Print out the data that follows exactly, character for character, apart from the pictures.

> **Dataset excerpt**
● ● ● ●

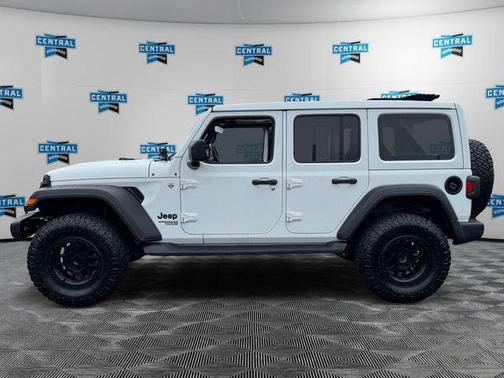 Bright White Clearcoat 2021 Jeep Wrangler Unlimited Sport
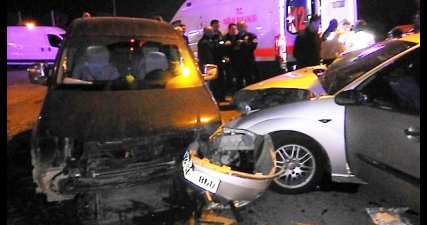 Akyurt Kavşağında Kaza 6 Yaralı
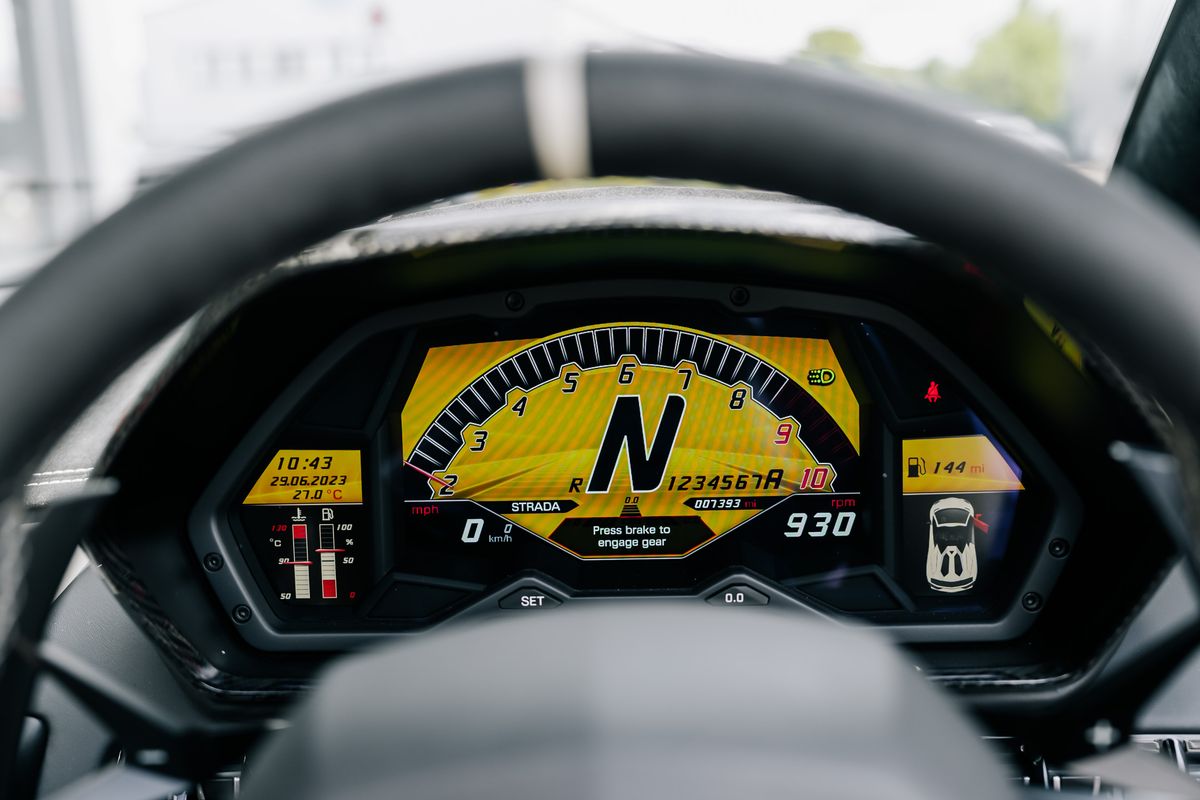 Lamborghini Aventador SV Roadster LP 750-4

● ● ● ●

> **Written solution**
 Bright White Clearcoat 2021 Jeep Wrangler Unlimited Sport
 Akyurt Kavşağında Kaza 6 Yaralı
 Lamborghini Aventador SV Roadster LP 750-4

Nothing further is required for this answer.